Do not give antidiarrheal medicines to infants and young children as this may cause serious side effects.

Foodborne illness usually improves on its own within a few days.

Call your doctor if:

  • Vomiting for more than two days
  • Diarrhea for more than a few days
  • Diarrhea that turns bloody, black, or tarry
  • Fever is 101 F (38.3 C) or higher
  • Dizziness or fainting when standing
  • Confusion
  • Worrying abdominal pain

Seek emergency medical attention if:

  • You have severe symptoms such as severe abdominal pain or watery diarrhea that becomes very bloody within 24 hours.
  • You are in a high-risk group.
  • You suspect botulism po isolate.
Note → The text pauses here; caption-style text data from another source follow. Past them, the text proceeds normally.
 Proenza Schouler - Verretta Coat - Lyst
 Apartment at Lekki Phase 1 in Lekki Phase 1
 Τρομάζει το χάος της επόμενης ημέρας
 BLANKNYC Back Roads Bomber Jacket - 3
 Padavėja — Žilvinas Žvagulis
Botulism is a potentially fatal form of food poisoning caused by ingestion of a toxin that forms from certain spores in food. Botulinum toxin is most commonly found in home canned foods, especially green beans or tomatoes.
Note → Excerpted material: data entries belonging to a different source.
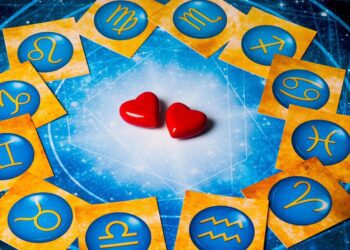 HOROSCOP DE WEEKEND // Dragoste, claritate și decizii de suflet cu vibrații intense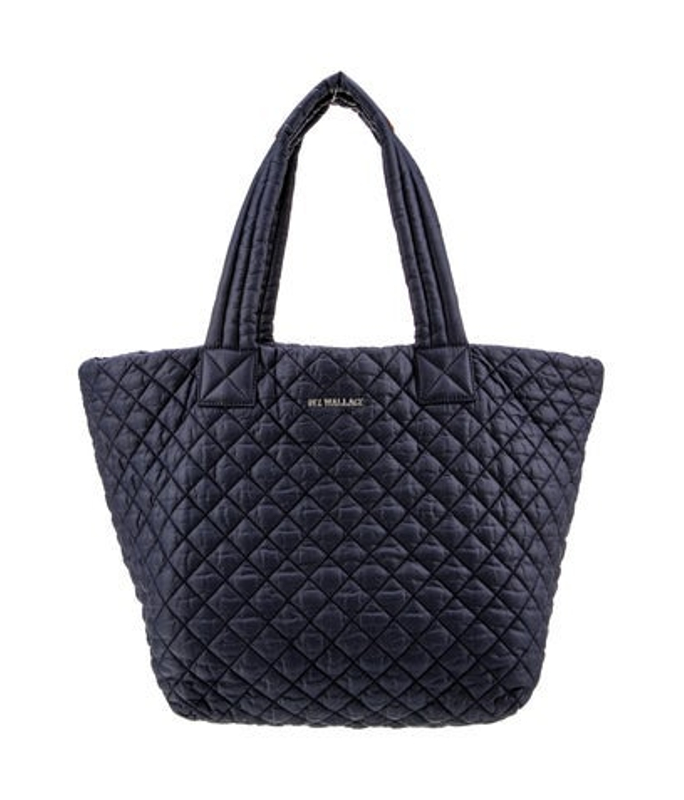MZ Wallace Wallace Nylon Tote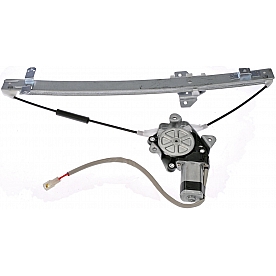 Dorman (OE Solutions) Window Regulator 741993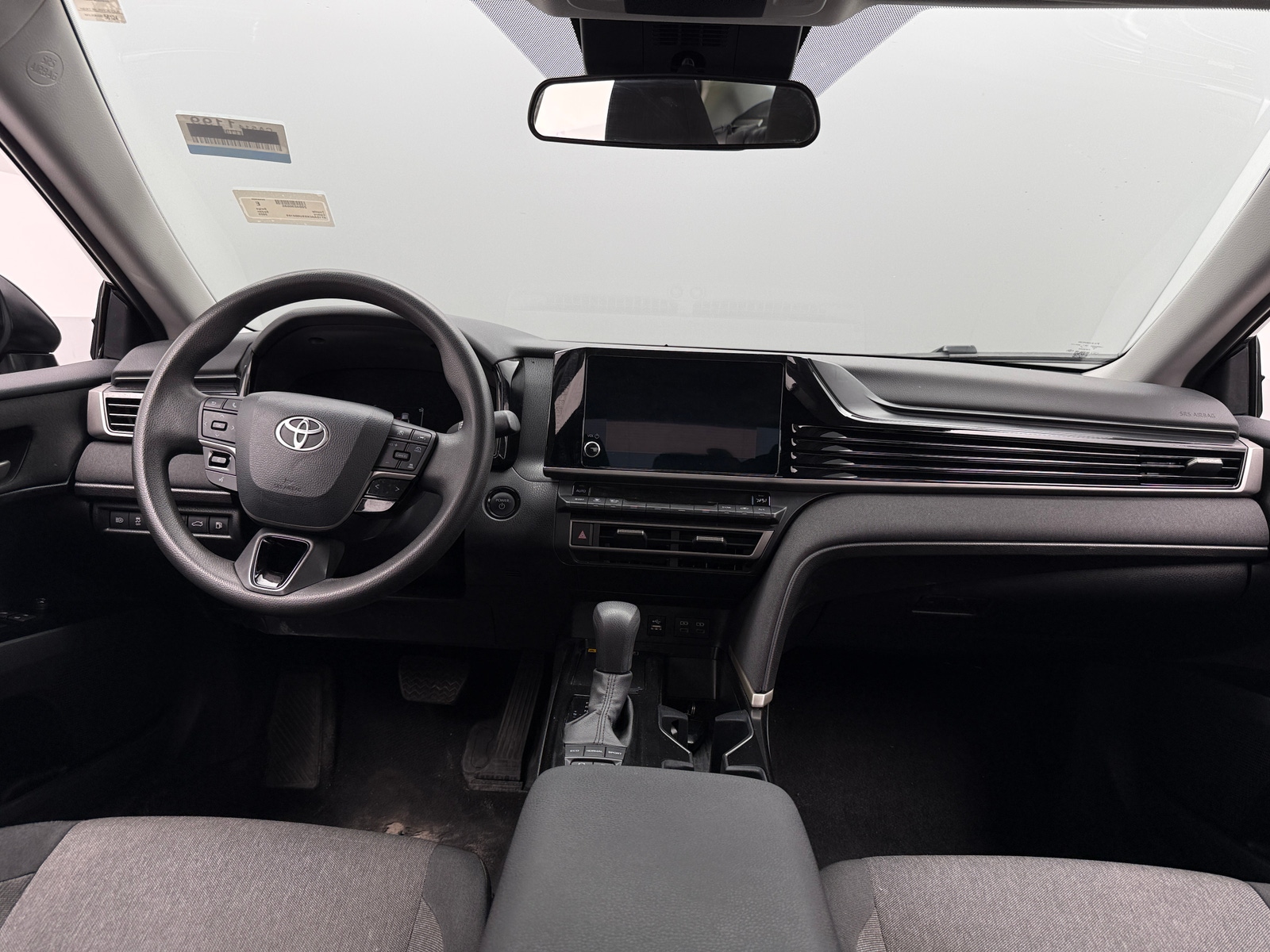 Thumbnail: 2025 Toyota Camry - 3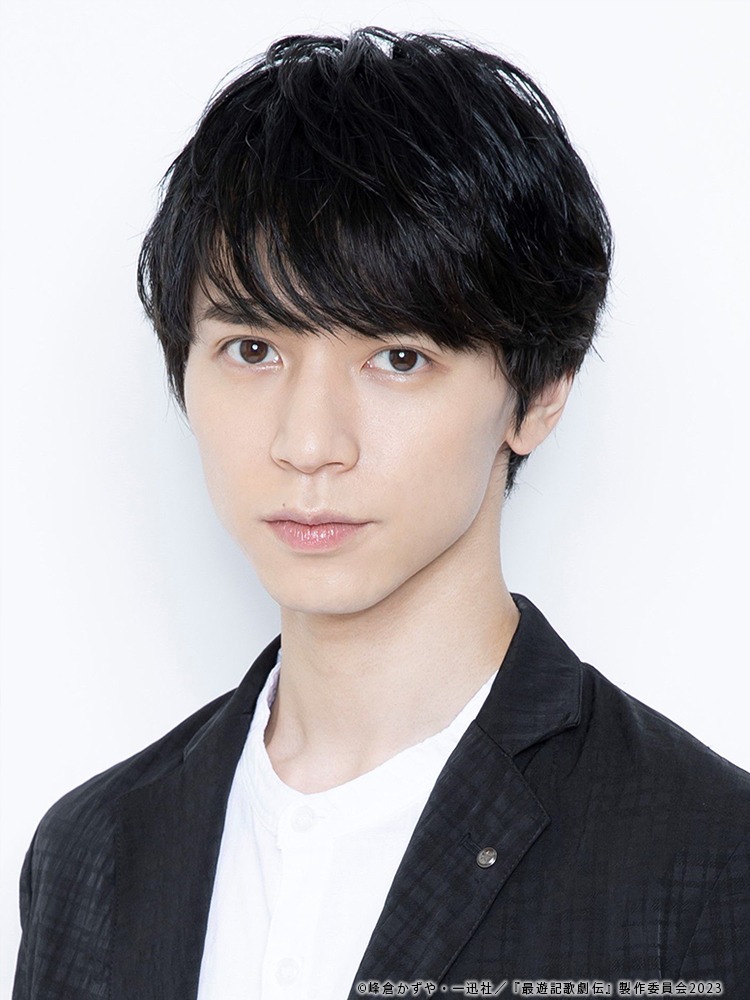 鈴木拡樹主演、『最遊記歌劇伝－外伝－』新キャスト解禁　佐奈宏紀・北村諒らが出演 イメージ画像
    Symptoms of botulism typically begin 12 to 36 hours after eating contaminated food and may include headaches, blurred vision, muscle weakness and eventually paralysis. Some people also experience nausea and vomiting, constipation, urinary retention, difficulty breathing, and dry mouth. These symptoms require immediate medical attention.

August. December 12, 2022

  • Kellerman R. et al. foodborne illness. In: Conn’s Current Therapies 2022. Elsevier; 2022. Accessed August 3, 2022.
  • People at risk of foodborne illness. Food and Drug Administration. Accessed August 3, 2022.
  • What you need to know about foodborne illness. Food and Drug Administration. Accessed August 3, 2022.
  • Viral gastroenteritis (stomach flu). National Institute of Diabetes and Digestive and Kidney Diseases. Accessed August 3, 2022.
  • LaRocque R et al. Treatment of acute diarrhea in adults in a resource-rich setting. Accessed August 3, 2022.